# ACTIVITY:
Pictures excluded, reproduce exactly the lines below from the one with "Calvin Klein Jeans" through the one with "Amanda Holman-SunshadesAndSwimmers", both included.

# DATA SECTION:
+++

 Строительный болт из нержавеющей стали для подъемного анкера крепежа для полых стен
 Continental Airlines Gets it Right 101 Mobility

+++

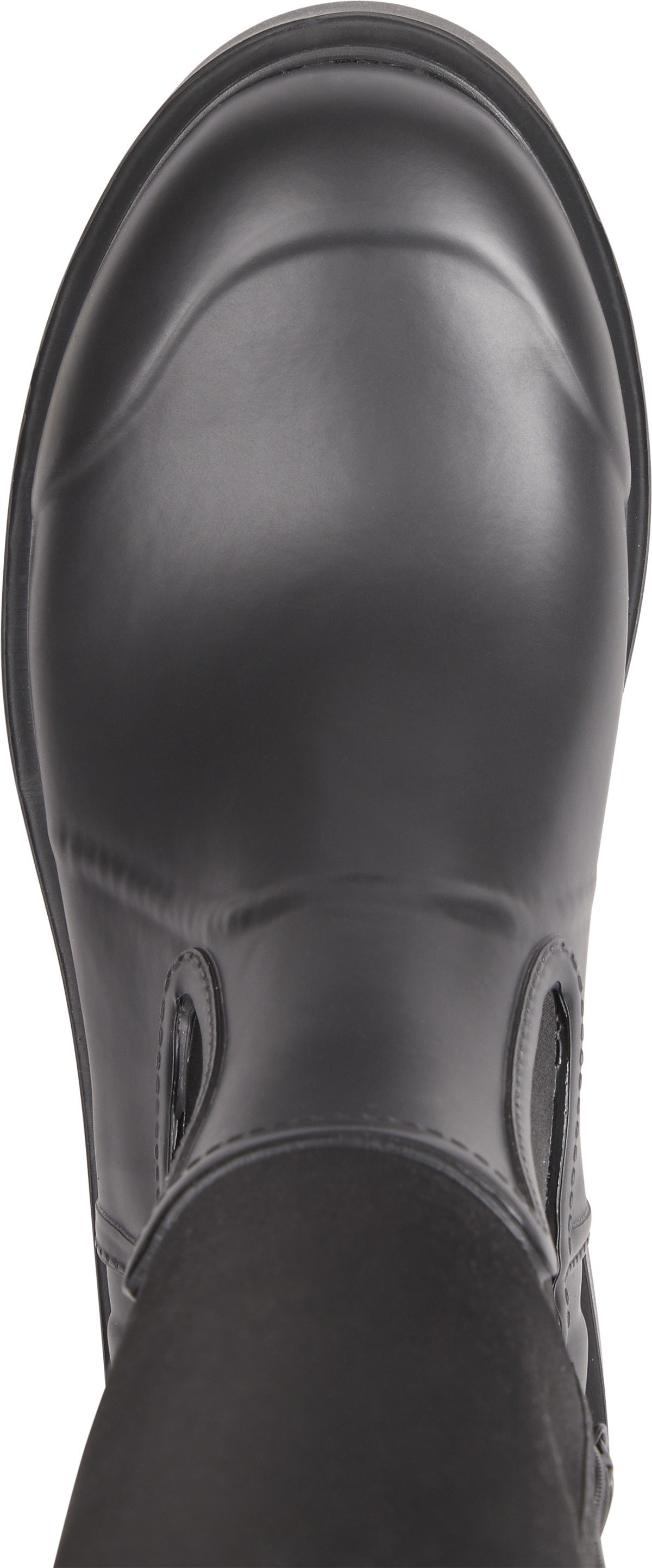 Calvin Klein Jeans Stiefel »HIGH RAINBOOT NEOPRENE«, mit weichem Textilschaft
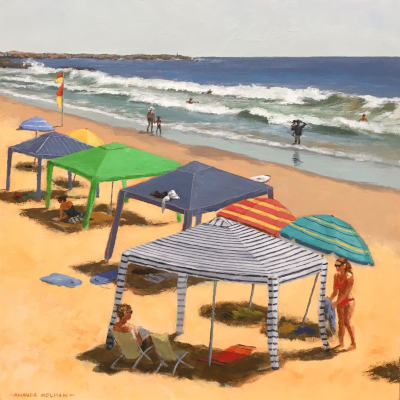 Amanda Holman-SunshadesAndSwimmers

+++

# RESPONSE BOX:
 Calvin Klein Jeans Stiefel »HIGH RAINBOOT NEOPRENE«, mit weichem Textilschaft
 Amanda Holman-SunshadesAndSwimmers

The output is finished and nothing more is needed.